=== The data ===

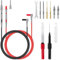QIMEI-SHOP Puntali Tester per Multimetro con Spina a Banana Sonda di Prova Sostituibile 0.7mm 1mm 2mm 4mm per Tester Elettricista Multimetro Digitale 11 Pezzi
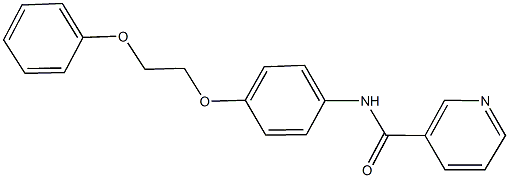 N-[4-(2-phenoxyethoxy)phenyl]nicotinamide Struktur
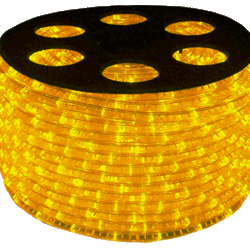 Световой шнур (дюралайт) INFINILITE SR мини-фиксинг, d=11.5 мм, 36 ламп/м, IP65, шаг резки 1 м, цвет ламп жёлтый
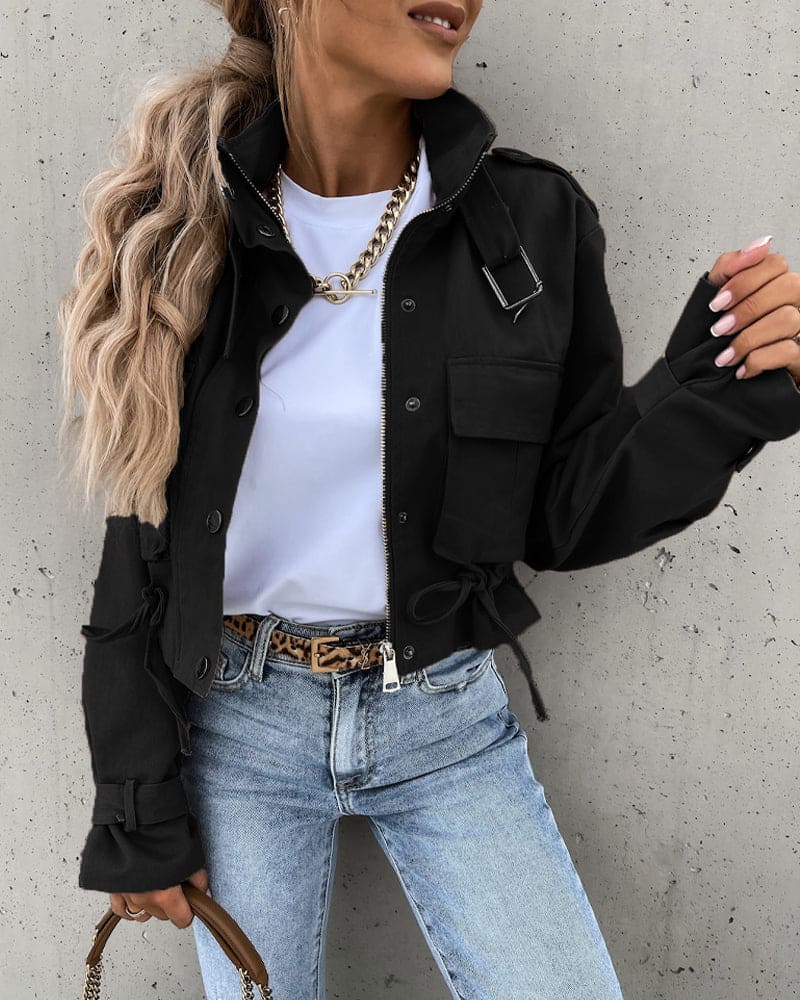 Chaqueta ligera de entretiempo con diseño moderno para mujer – MANDY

===

* What you are asked to do
Give the data again exactly as written, with no pictures included.

* Solved exercise
QIMEI-SHOP Puntali Tester per Multimetro con Spina a Banana Sonda di Prova Sostituibile 0.7mm 1mm 2mm 4mm per Tester Elettricista Multimetro Digitale 11 Pezzi
 N-[4-(2-phenoxyethoxy)phenyl]nicotinamide Struktur
 Световой шнур (дюралайт) INFINILITE SR мини-фиксинг, d=11.5 мм, 36 ламп/м, IP65, шаг резки 1 м, цвет ламп жёлтый
 Chaqueta ligera de entretiempo con diseño moderno para mujer – MANDY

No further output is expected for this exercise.